• _Work to be completed_:
Give again, word for word, the line holding "SHEN CE Summer" and every line after it through the end of the data below. Omit pictures.

Brief descriptive captions:
++++++++
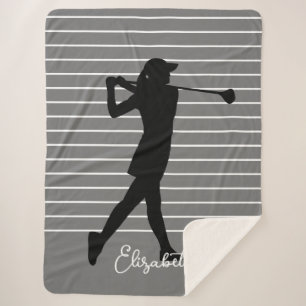 Manta Sherpa Silueta de golfista femenina Monograma Nombre Negr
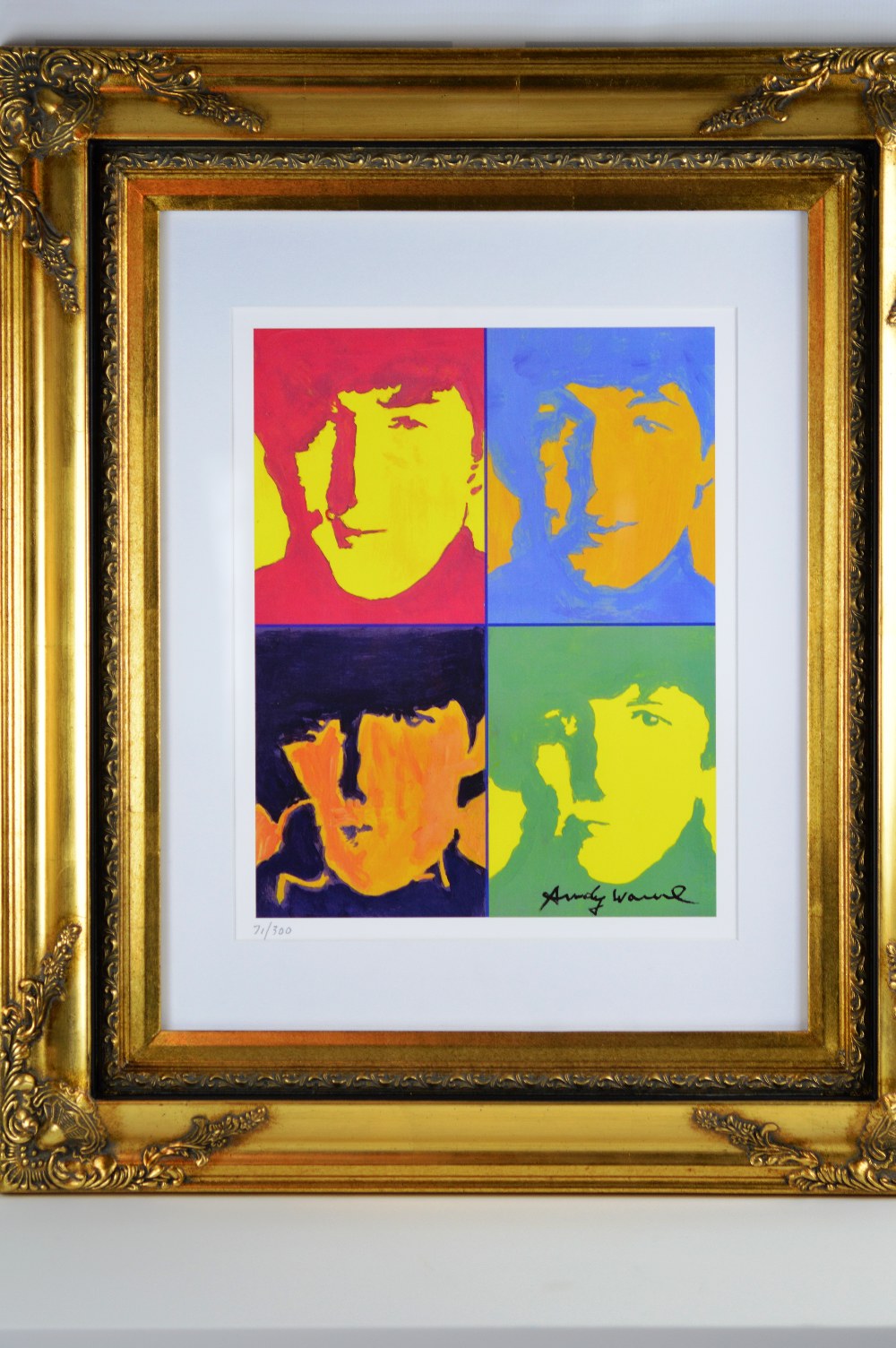 Andy Warhol Signed & Hand Numberd Limited Edition The Beatles Lithograph, Ornate framed,stunning - Image 3 of 5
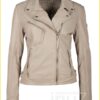 Leren bikerjas - GIP210001 off white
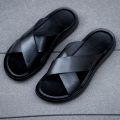 SHEN CE Summer Sandals Men Leather Classic Roman Open-toed Slipper Outdoor Beach Rubber Summer Shoes Flip Flop Water Sandals. 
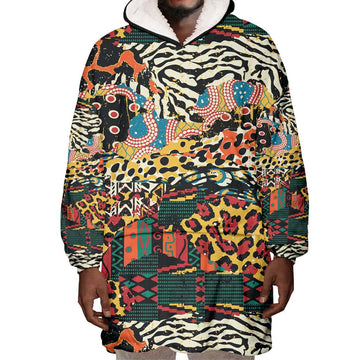 African Mixed Wild Animal Skins Wearable Blanket Hoodie LT9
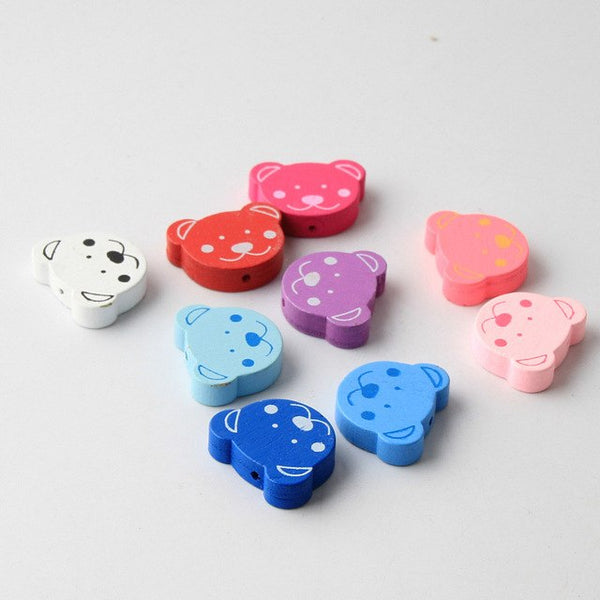 30Pcs/Lot Lead-Free Bear Shape Spacer Wooden Beads For Jewelry Makeing Baby Toys Pacifier Clip Crafts Wood Bead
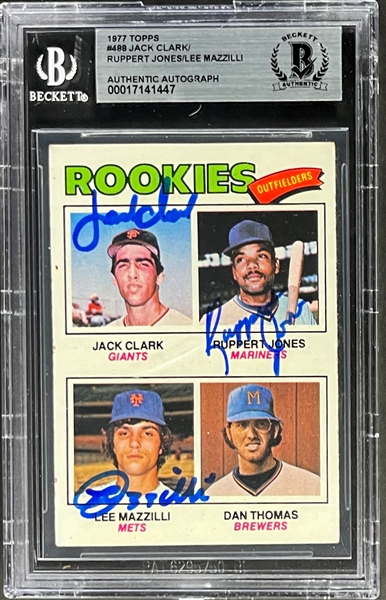 Jack Clark, Lee Mazzilli and Ruppert Jones Signed 1977 Topps #488 (Beckett Encapsulated)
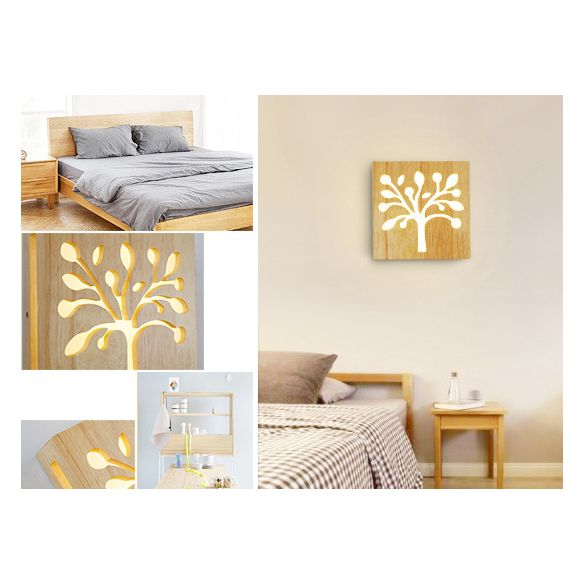 Creative Nordic Wall Sconce Chinese Wooden Acrylic Shade Wall Lamp for Bedside Corridor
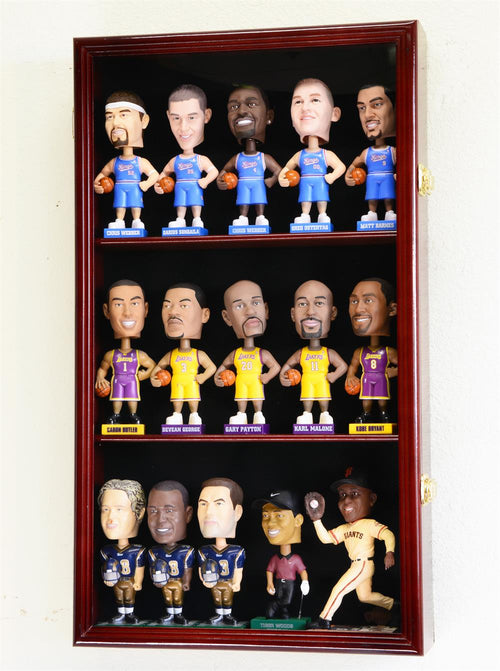 Bobblehead Wood Cabinet Display Case - Holds Up To 18 Bobbleheads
++++++++
• _Completed exercise_:
 SHEN CE Summer Sandals Men Leather Classic Roman Open-toed Slipper Outdoor Beach Rubber Summer Shoes Flip Flop Water Sandals. 
 African Mixed Wild Animal Skins Wearable Blanket Hoodie LT9
 30Pcs/Lot Lead-Free Bear Shape Spacer Wooden Beads For Jewelry Makeing Baby Toys Pacifier Clip Crafts Wood Bead
 Jack Clark, Lee Mazzilli and Ruppert Jones Signed 1977 Topps #488 (Beckett Encapsulated)
 Creative Nordic Wall Sconce Chinese Wooden Acrylic Shade Wall Lamp for Bedside Corridor
 Bobblehead Wood Cabinet Display Case - Holds Up To 18 Bobbleheads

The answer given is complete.